### INSTRUCTIONS FOR THE TASK:
Once you find the line with "Nike P-6000 view" in the data that follows, repeat it and every line after it exactly, through the line with "20250827 | 강유찬".

### AVAILABLE DATA:
──────
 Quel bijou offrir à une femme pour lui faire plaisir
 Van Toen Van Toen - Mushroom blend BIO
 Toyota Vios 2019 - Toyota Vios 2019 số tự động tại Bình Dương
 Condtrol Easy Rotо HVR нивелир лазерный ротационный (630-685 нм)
──────
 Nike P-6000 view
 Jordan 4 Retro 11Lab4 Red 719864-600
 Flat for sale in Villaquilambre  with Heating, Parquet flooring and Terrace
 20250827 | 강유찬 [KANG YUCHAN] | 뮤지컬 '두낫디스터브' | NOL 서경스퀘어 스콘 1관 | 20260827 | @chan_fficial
──────
### ANSWER AREA:
 Nike P-6000 view
 Jordan 4 Retro 11Lab4 Red 719864-600
 Flat for sale in Villaquilambre  with Heating, Parquet flooring and Terrace
 20250827 | 강유찬 [KANG YUCHAN] | 뮤지컬 '두낫디스터브' | NOL 서경스퀘어 스콘 1관 | 20260827 | @chan_fficial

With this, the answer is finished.